Awkward hugs are, well, awkward. Yet, not since hugging was invented can there be displays of affection more horrific than when two people, believing that one phrase can erase both pain and consequence, find themselves caught in the eternity of seconds as they embrace. They are living a lie.
This one. If you “really forgive someone” you’ll instantly be right back at the corner of friendly and awesome. Our guilty consciences play terrible games with broken hearts. What if we aren’t feeling it but believe the myth of an instant and automatic outflow of warmth, joy, and displayed friendliness because we verbalized three little words.
Admitting you said or thought “I forgive you” becomes the adult version of the Get Along Shirt where the person locked into it with you is the very one who knows the precise location of every bruise.
Forgiveness isn’t a simple mind over matter issue for anyone. The greater the personal trespass on my soul, the more shattered and slivered I become, until, maintaining a focus on intentional forgiveness requires so much effort I often lack the ability to do more than remain very still and make feeble attempts, by sheer determination, to function as normally as possible.
Not all cracks and rifts are equal. Some heal quickly, with minimal scarring, while others will change everything about us.

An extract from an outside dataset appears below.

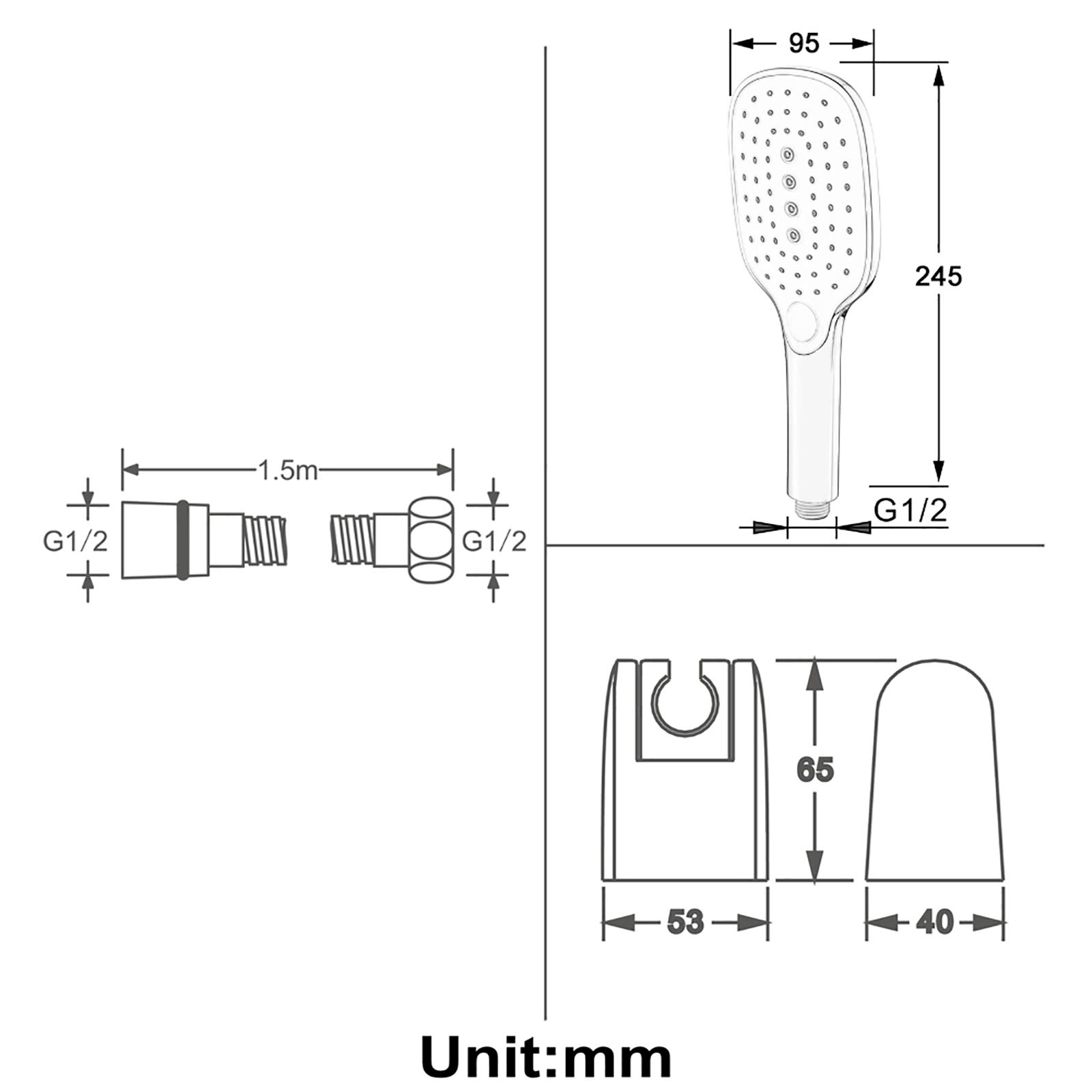 Rociador de Ducha de Mano de Alta Presión Rociador de Ducha de Mano de Cromo de 3 S Rociador de Ducha de Mano de Alto Flujo Universal con Soporte de Ducha de Manguera de 1,5 M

Simple apologies, a word of forgiveness, alone or even together, will never offer enough substance to rebuild. To be candid, there are no clean breaks between people. This type of damage is like two pieces of paper glued together then ripped violently apart. Neither remains whole. No one can honestly deny the shredding happened. Nobody looks good later.
There is an abandoned golf course near where I live. We walk on spongy ground where green plastic mesh shows through what remains of a fairway. Left to the wild animals and elements, the emerald greens and pristine whites one would expect from the premier course it was intended to become are faded into winter’s dull grays and browns. Ponds lie half-empty and algae filled while bridges have deteriorated into the skeleton of a place once filled with promise and hope.
An entire neighborhood sub-culture once planned around the idea of resort living in your own home has turned into a graveyard to ambition.
Agreements failed, water rights arguments waxed long and eloquent, until all that remains is only vaguely seen in the atrophied debris of a dream. Investments were lost. Fortunes shattered.
Now only emptiness and graffiti covered outbuildings with broken windows remain.
Sometimes, friendships are like that.
We have a plan and declare, confidently, that this time we will be beautiful, magnificent.
You are my dream come true!
You complete me!!
Excitedly, we share life and live closely together until there is little more than distance that separates us.
Until… The sharp words, the brokenness, and the thorny places all contrive to drive us apart. Blindly retreating to our separate corners, shaking off our initial surprise, the silence prompts us to start examining what remains of our dream.
Yet, even when apologies are made there is more we need. Even if there is no apology and yet, stalwartly, we have walked through the motions of forgiveness in our hearts and minds, something is missing.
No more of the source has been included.